• [EXCERPTED RECORDS]:
+-------+
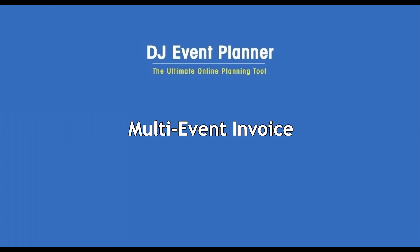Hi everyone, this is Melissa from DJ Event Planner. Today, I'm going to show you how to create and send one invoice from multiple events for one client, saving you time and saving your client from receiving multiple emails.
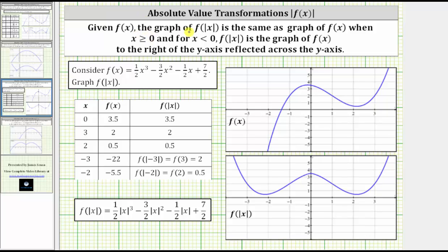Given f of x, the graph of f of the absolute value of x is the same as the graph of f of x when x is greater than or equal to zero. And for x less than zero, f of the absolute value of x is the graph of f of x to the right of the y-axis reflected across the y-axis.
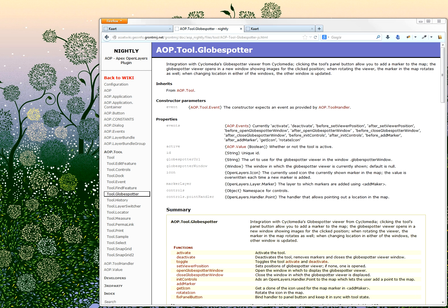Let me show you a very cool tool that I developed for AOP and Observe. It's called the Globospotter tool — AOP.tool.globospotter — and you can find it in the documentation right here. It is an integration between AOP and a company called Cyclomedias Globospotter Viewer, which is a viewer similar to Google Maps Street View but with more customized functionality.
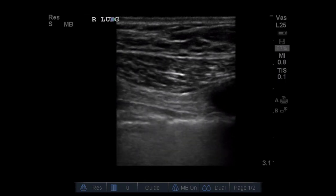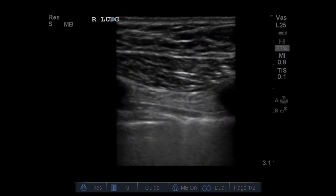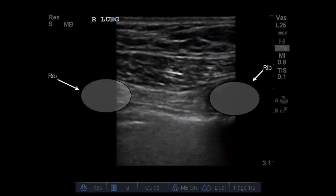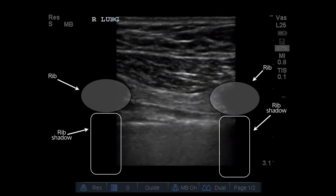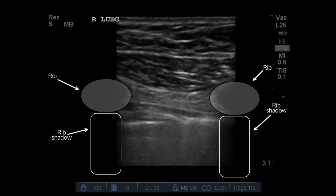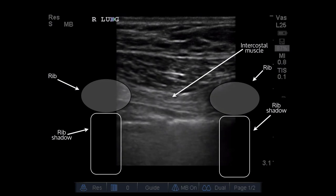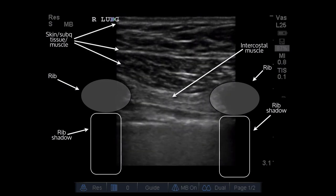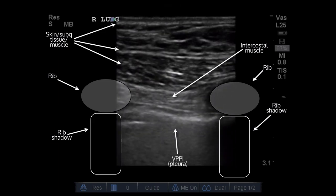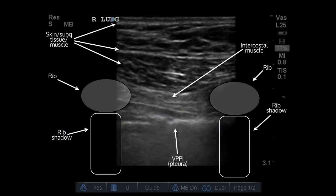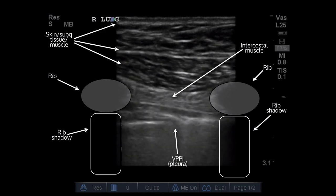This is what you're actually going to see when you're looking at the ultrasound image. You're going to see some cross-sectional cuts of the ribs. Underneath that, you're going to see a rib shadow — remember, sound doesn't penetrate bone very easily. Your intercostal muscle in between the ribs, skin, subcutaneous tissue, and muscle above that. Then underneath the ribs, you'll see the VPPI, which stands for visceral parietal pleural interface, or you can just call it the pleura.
+-------+
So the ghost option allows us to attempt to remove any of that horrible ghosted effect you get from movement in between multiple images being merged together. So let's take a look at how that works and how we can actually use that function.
+-------+
• [EXERCISE OBJECTIVE]:
Would you print exactly the lines in the listing above, from the line bearing "Hi everyone, this" through the line bearing "This is what", leaving out all pictures?

• [TASK SOLUTION]:
Hi everyone, this is Melissa from DJ Event Planner. Today, I'm going to show you how to create and send one invoice from multiple events for one client, saving you time and saving your client from receiving multiple emails.
Given f of x, the graph of f of the absolute value of x is the same as the graph of f of x when x is greater than or equal to zero. And for x less than zero, f of the absolute value of x is the graph of f of x to the right of the y-axis reflected across the y-axis.
Let me show you a very cool tool that I developed for AOP and Observe. It's called the Globospotter tool — AOP.tool.globospotter — and you can find it in the documentation right here. It is an integration between AOP and a company called Cyclomedias Globospotter Viewer, which is a viewer similar to Google Maps Street View but with more customized functionality.
This is what you're actually going to see when you're looking at the ultrasound image. You're going to see some cross-sectional cuts of the ribs. Underneath that, you're going to see a rib shadow — remember, sound doesn't penetrate bone very easily. Your intercostal muscle in between the ribs, skin, subcutaneous tissue, and muscle above that. Then underneath the ribs, you'll see the VPPI, which stands for visceral parietal pleural interface, or you can just call it the pleura.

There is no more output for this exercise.